Donors endow SPARK Program to fund innovative research by Institute’s young scientists
Some of the most exciting and potentially life-saving immunology research never sees the light of day because it lies only in the imaginations of young scientists who have no path to develop their innovative ideas.
Two San Diego high tech executives with deep entrepreneurial experience are determined to provide that path. Tom Tullie and Dave Rickey, who worked together as chief operating officer and chairman/CEO, respectively, of Applied Micro Circuits Corporation, have made substantial donations to endow La Jolla Institute for Immunology’s two-year old SPARK program over the next decade.
The Tullie and Rickey Families SPARK Awards for Innovation in Immunology provides flexible start-up funding so that young scientists just beginning their careers can launch their ideas and generate enough data to attract scientific grants, enabling them to take their projects to the next level.
Tullie says he and his wife, Judy, are thrilled to support a program they believe will lead to groundbreaking science.
“I’ve been an entrepreneur and involved in innovation my entire career, but this is the most exciting program I’ve seen because the ideas these young scientists have are not only fascinating, they have the potential to generate breakthrough discoveries that will someday save lives,” says Tullie, who also serves on the Institute’s board.
Each year, the SPARK program receives dozens of proposals from Institute scientists. A panel that includes Institute scientists, board members, and top business leaders reviews the proposals, selects the finalists, and has each of them present their projects in person. Four award winners are selected and each are provided $25,000 in start-up funding.

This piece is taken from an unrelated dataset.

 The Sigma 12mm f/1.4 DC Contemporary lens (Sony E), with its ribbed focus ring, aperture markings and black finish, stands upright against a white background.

The projects now under way range from using nanoparticles to deliver cancer immunotherapy and developing a universal molecular diagnostic test for infectious diseases, to using pro/antibiotics to treat and cure allergies and targeting the microbiome to prevent the infection and chronic inflammation that cause cancer.
For the Rickeys, involvement in the SPARK program was spurred by the couple’s belief in the Institute’s mission itself.

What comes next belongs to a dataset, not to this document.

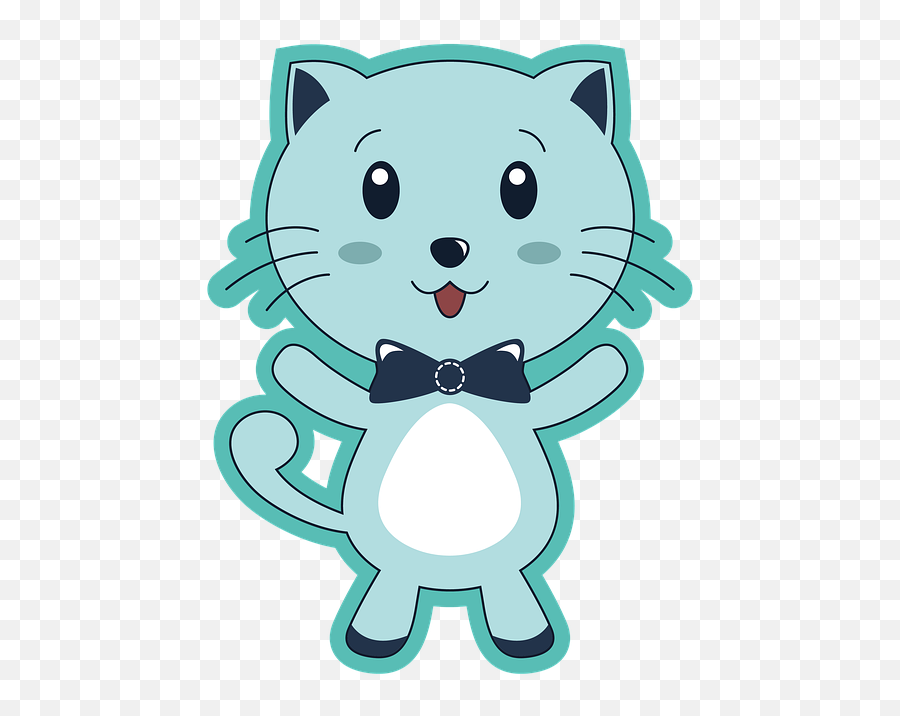 Free Photo Kitten Cartoon Cat Line Art - Happy Emoji,Cartoon Cats Different Emotions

“Brenda and I love the idea of ‘life without disease’ because so many of our friends and family have suffered or died from cancer, heart problems, dementia, and other ailments,” Rickey says. “A lot of non-profits don’t have clear goals, but the Institute’s mission is concise while being extremely bold and ambitious. It may not be fully realized in our lifetime, but we believe with the amazing talent of their scientists, the Institute’s mission is achievable.”

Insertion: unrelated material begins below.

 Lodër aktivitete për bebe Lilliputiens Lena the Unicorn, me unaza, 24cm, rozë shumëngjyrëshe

Both Tullie and Rickey have helped attract other donors to join forces with them on SPARK, bringing the total amount of the fund to approximately $1 million.
“A lot of other young scientists have proposed really worthy projects that are potential home runs, but we just couldn’t fund them all,” Tullie says. “We are hoping others will join us and provide additional seed funding to advance some more of these promising ideas.”